In recent years, commercial ratings have come to the forefront of the industry's focus - so much so that the currency for much of the national television marketplace has changed. But the reality is that while our data has changed, our understanding of commercial delivery has not.
The old Nielsen ratings are program averages of all minutes within a single telecast on a live-only viewing basis. The new Nielsen ratings are program averages of only national commercial minutes on a live plus three-day time-shifted basis. Additionally, companies like TNS and TiVo are attempting to measure television viewing on an even more granular basis.
But the industry migration has been more of a rush to create a data supplier pecking order than to adequately reflect viewing of commercials. This has led to the limited marketplace analysis of commercial viewing behavior amounting to retrofitted reports initially designed to highlight program performance. In short, they are applying program rating analytics to commercial rating data - which just doesn't work.
Is it surprising that "House" had the highest average commercial rating in June? Absolutely not. "House" had the highest commercial rating because it had the highest program rating - the series aired its season finale in June while most other shows were repeats.

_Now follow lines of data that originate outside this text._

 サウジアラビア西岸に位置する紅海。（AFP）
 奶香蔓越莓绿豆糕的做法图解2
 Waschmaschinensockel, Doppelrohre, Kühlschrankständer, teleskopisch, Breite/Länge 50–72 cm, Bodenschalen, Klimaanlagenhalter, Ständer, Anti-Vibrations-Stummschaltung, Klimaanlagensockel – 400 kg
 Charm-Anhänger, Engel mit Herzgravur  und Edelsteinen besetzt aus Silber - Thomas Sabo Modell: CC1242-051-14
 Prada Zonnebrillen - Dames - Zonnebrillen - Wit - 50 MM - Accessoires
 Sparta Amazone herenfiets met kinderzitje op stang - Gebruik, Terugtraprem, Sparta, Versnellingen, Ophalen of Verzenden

When analyzing program viewing performance the first question is, "How many people watched?" If this was a highly relevant question for commercial viewing, the "House" commercial rating standing would have some meaning. But with commercial viewing, the main question becomes, "How many viewers did the program deliver to the advertising and when?"

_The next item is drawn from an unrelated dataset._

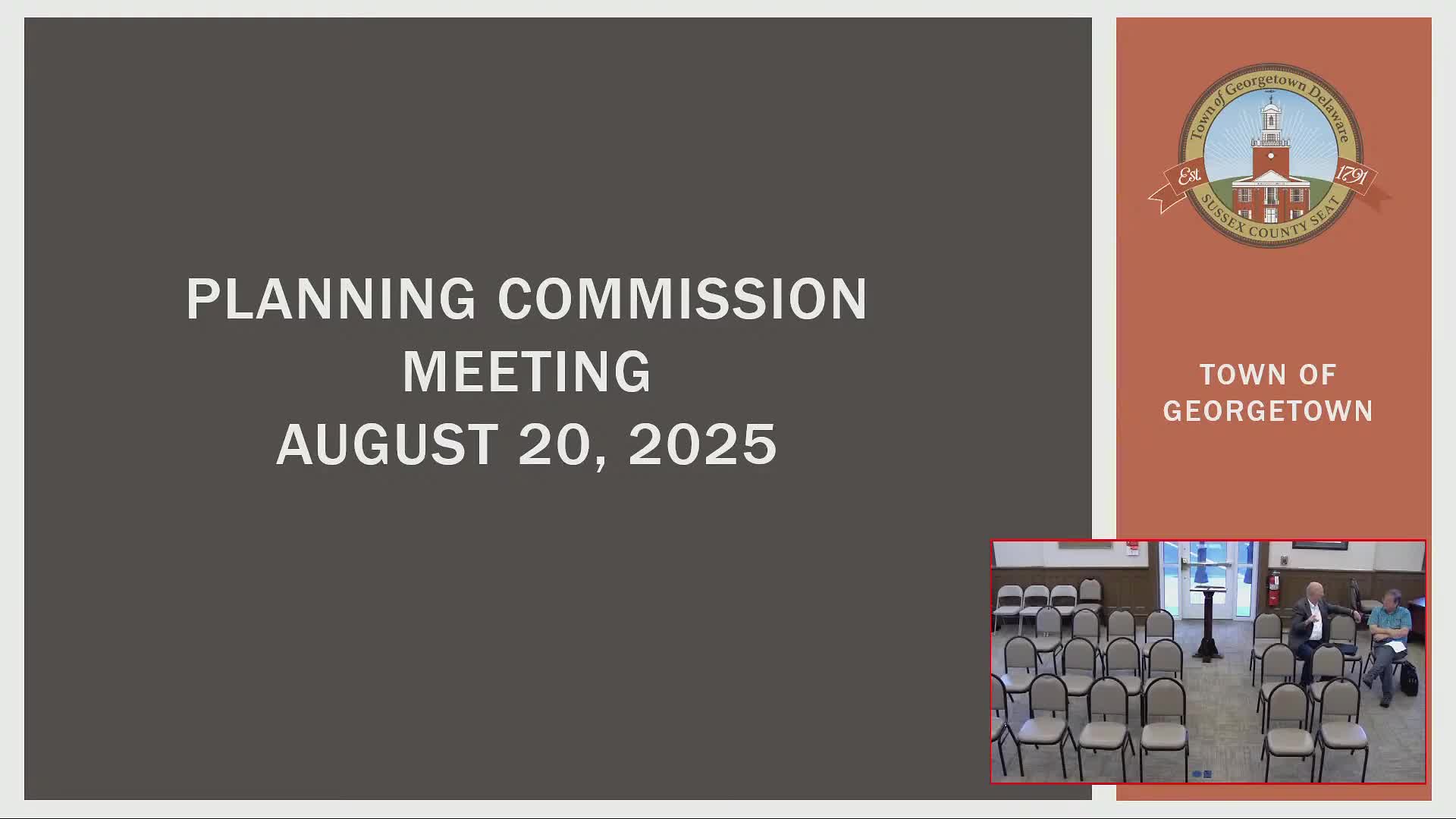 Georgetown Planning Commission elects officers at Aug. 20 meeting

That question actually has two parts. The first, "deliver to the advertising," acknowledges the fact that people tune in to watch programs, not commercials. The "and when" portion recognizes that programs can deliver very different viewing levels to advertising at different times within a telecast and, most importantly, in proven, predictable ways. In fact, it's that "and when?" that makes Nielsen's commercial ratings only a stepping stone to true commercial viewing measurement and allows considerable room for competitors like TiVo and TNS to operate, as they work off second-by-second level granularity.
Unless the marketplace analytics change to reflect commercial ratings realities, there will be minimal change to our business. And this scenario would be a waste of all the time and money that has gone into, and will continue to go into, the commercial ratings migration. But changes must take place before we'll see true impact from commercial ratings. First, sales and buying systems need to be updated to offer more flexibility. Second, Nielsen also must standardize its data and offer it in the media information type format - the industry standard - for these systems to use. While currently some companies have the ability to aggregate and use Nielsen's minute-by-minute respondent data to create minute-level MIT-like data, many organizations don't have this option. To move forward, we need a standardized industry solution. Third, newer services like TiVo and TNS must become nationally representative to truly impact the marketplace. This paints a potentially rosy picture for a more robust TNS service, while TiVo has no chance as a stand-alone service and will need to identify an operating partner to succeed in the future.
The value of commercial ratings going forward will depend on the level of granularity chosen. It's clear we need a level of granularity below program averages. But how far do we go? Do we need second-by-second data? Is minute-by-minute data adequate? What about pod averages? Pod ratings and minute-level ratings are predictable; second-level data is new and very limited but appears reasonably predictable too. All three types of data are viable options long term. In all scenarios, historical results can be used to predict future performance. Most importantly, all shed light on how many viewers the program delivered to advertising and when.
In the end, the
answer to the granularity question will be as varied as the entities that end up using the data. The days of one provider of television ratings with the one-size-fits-all concept are over. We don't
need one solution. We need options in these data and the analytical thought to truly transition from program to commercial ratings.